Tussy m'appelle; il faut donc que je termine cette lettre. Je désirais écrire aussi à la chère Trautchen, mais je vois que c'est impossible aujourd'hui. Veuillez donc lui demander de m'excuser et lui dire que chaque terme de l'article publié dans les journaux allemands au sujet de notre arrestation est faux[13]. Nous n'avions pas décliné nos noms à Luchon et tout le courrier nous était adressé au nom de Williams ou Lafargue. Nous vivions dans un isolement total, ne voyant personne que le docteur dont hélas ! nous avons eu besoin durant tout notre séjour. Ce séjour a été vraiment triste, car le plus jeune fils de Laura a été malade tout le temps et, après de terribles souffrances, il est mort vers la fin juillet, le 26. Quelques jours après la mort de l'enfant, alors que les Lafargue commençaient à pouvoir sortir un peu, M. de Kératry[14] a commencé sa guerre à outrance contre nous. Laura qui avait rejoint son mari à Bosost (en Espagne) a beaucoup souffert. Son aîné est tombé malade, si malade qu'elle a pensé qu'il allait mourir (il souffrait de dysenterie, très fréquente dans cette partie de l'Espagne) et elle ne pouvait s'en aller, car les polices espagnole et française l'attendaient pour l'arrêter. L'enfant va un peu mieux maintenant. Paul, pendant ce temps, s'était enfui par des sentiers secrets jusqu'au centre de l'Espagne[15]. Tussy et moi nous nous sommes fait prendre au retour de Bosost; nous avons été arrêtées, gardées à vue plusieurs jours dans notre maison, puis emmenées à la caserne de la gendarmerie. On a trouvé sur moi la lettre que j'avais écrite à O'Donovan Rossa. C'était une réponse à la honteuse condamnation du mouvement de la Commune qu'il a publiée dans l'Irishman. J'exprimais mon étonnement que lui, plus que tout autre, pût croire aux infâmes calomnies contre les Communards, inventées par les misérables organes policiers, le Figaro, Paris‑Journal, etc. Je faisais appel à sa sympathie (c'est actuellement un grand personnage à New York) et à celle de ses compatriotes en faveur des champions héroïques d'une société meilleure, car, disais-je, les Irlandais, moins que tout autre peuple, peuvent avoir intérêt au maintien de l'état de choses actuel, etc. ‑ Avec mes meilleures amitiés à Trautchen et à Françoise, croyez‑moi, cher docteur,

Bien sincèrement à vous

Jenny Marx.

  1. Voir ci‑dessus la lettre du 27 juillet 1871 de Marx à Kugelmann.

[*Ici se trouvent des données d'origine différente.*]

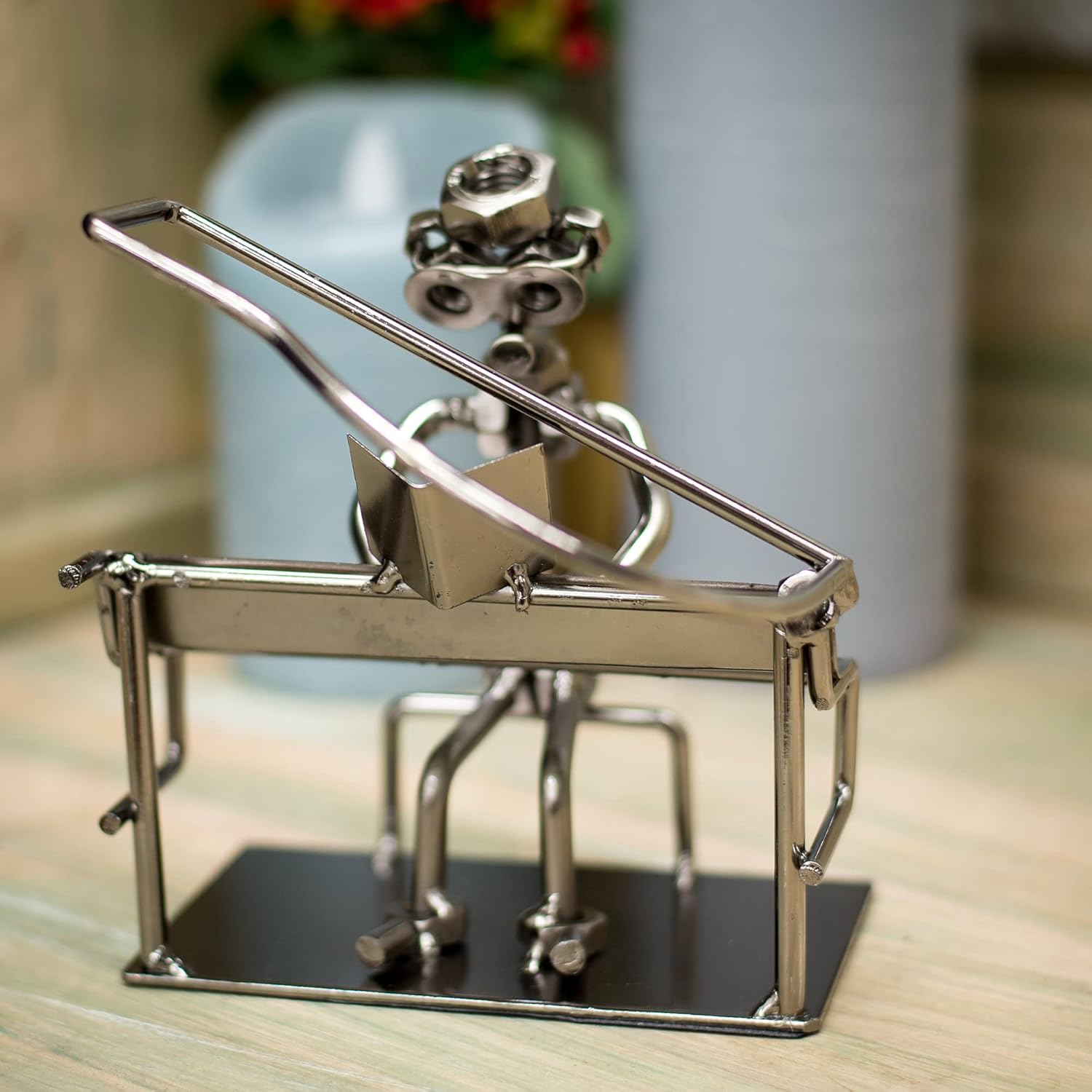 Broadway Gift Pianist Handcrafted Metal Musician Figurine – 7-Inch Artistic Home Décor & Music Lover Gift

  2. La presse réactionnaire française (Paris‑Journal notamment) appelait Marx « le grand chef de l'Internationale ».
  3. Surnom de Napoléon III.
  4. Walery Wroblewssky (1836‑1908) : révolutionnaire polonais qui avait pris part à l'insurrection de 1863 et fut général de la Commune.
  5. Nicolas Outine (1845‑1883) : révolutionnaire russe, membre de l'organisation populiste Zemlia i volia. Emigré à Genève en 1863, il y organise la section russe de l'Internationale et dirige en 1869‑1870 le journal Narodnoie Dielo.

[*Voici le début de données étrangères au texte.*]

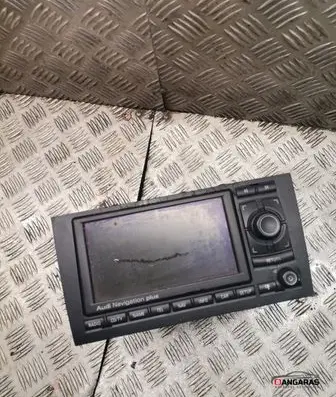 Audi A6 S6 C5 4B Radio/CD/DVD/GPS head unit OKZAN10001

  6. Henri Perret : socialiste suisse, secrétaire du comité fédéral de la Suisse romande à Genève.
  7. César De Paepe (1842‑1890) : dirigeant de la section belge de la I° Internationale, puis du parti socialiste belge.
  8. Anselmo Lorenzo : internationaliste espagnol qui se rallia par la suite à Bakounine.
  9. James Guillaume (1844‑1916) : un des dirigeants de l'Alliance et de la Fédération jurassienne, expulsé avec Bakounine de l'Internationale au Congrès de La Haye en 1872.
  10. Paul Robin : professeur français, membre de l'Internationale, bakouniniste.
  11. Résolutions des délégués de la Conférence de l'Association internationale des Travailleurs. Réunie à Londres du 17 au 23 septembre 1871, Londres 1871 (Édition française, p. 5)
  12. Toute cette citation est en français dans l'original.
  13. Jenny et Eleanor avaient accompagné la famille Lafargue contrainte de fuir Bordeaux et réfugiée dans les Pyrénées.
  14. Kératry : préfet de police de Paris du 4 septembre au 12 octobre 1870.
  15. Le gouvernement de Thiers avait demandé au gouvernement espagnol l'arrestation et l'extradition de Lafargue. Celui‑ci sera arrêté à Huesca le 11 août, puis relâché le 21 août.